日本プロ野球において、「振り逃げ満塁ホームラン」という珍事件が起きたことがあったのをご存知か…?ヤフー知恵袋に「過去にプロ野球で振り逃げ満塁本塁打があったって本当ですか?」といった質問があり、それに「本当です」答える書き込みがあった。
元プロ野球選手、高木豊氏のYouTubeチャンネル〈高木豊 Takagi Yutaka〉、昨年11月12日に〈【事件はいつも終盤に起きる!?】過去に起きた珍事件について語ります!〉とタイトルをつけ投稿した回で、その珍事件を高木氏が振り返った。
時は1960年7月19日、東映フライヤーズと大毎オリオンズの試合において、「3-1」の東映リードで迎えた8回表、ツーアウト満塁の場面だった。東映のピッチャー、故・土橋正幸氏の投じた第3ストライクを捕手が後逸したのだが、バッター、故・山内一弘(当時の名前は「和弘」)氏は見逃し三振に倒れ、一度はベンチに戻りかける…しかし、大毎の他の選手が一塁に走るように指示、結果、山内氏はダイヤモンドを1周し、満塁走者一掃の大逆転劇となったのだった。

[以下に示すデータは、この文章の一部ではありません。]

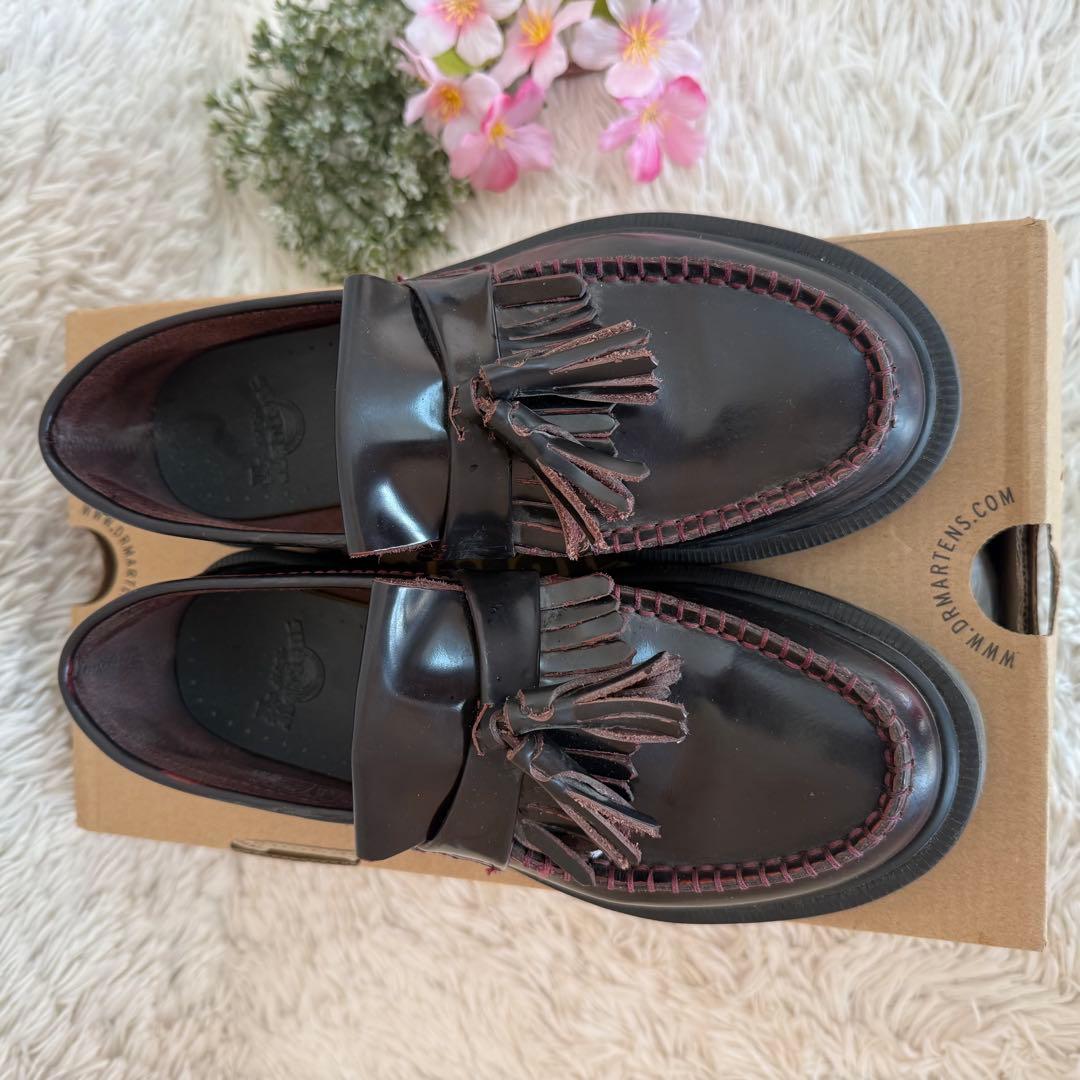 Dr.Martens バーガンディ タッセル付きレザー ローファー UK3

生前の土橋氏にこの珍事件について訊いたことがあると言う高木氏は、「あの野郎、ボールを逸らしやがって」と、まずは捕手に対して土橋氏は鼻息が荒かったそうだ。バッターの山内氏があきらめてバッターボックスを離れようとした仕草に、東映のナインもベンチに戻っていたことから起きた稀有な事件なのだが、土橋氏の怒りは収まらず、「あの野郎さあ、ベンチに帰るフリしやがって一塁に走りやがったんだよな」と、高木氏が巻き舌で土橋氏の声色をマネて見せたのだった。

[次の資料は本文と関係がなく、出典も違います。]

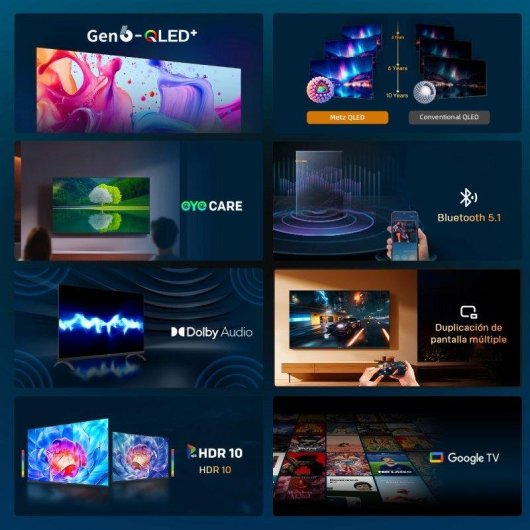 TV Metz QLED 32MQH7000Z 32" HD 60Hz Smart TV Google TV HDR10 Dolby Digital Plus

今は亡き土橋氏や山内氏に当時を振り返ってもらうことができない以上、土橋氏を知る高木氏を通じて、今回はまさに初耳でかつ貴重な言葉が拝聴できた。
ちなみにこの珍事件、記録としては「三振」「捕逸」であり、「振り逃げ満塁本塁打」とはならないそうなので念のため…。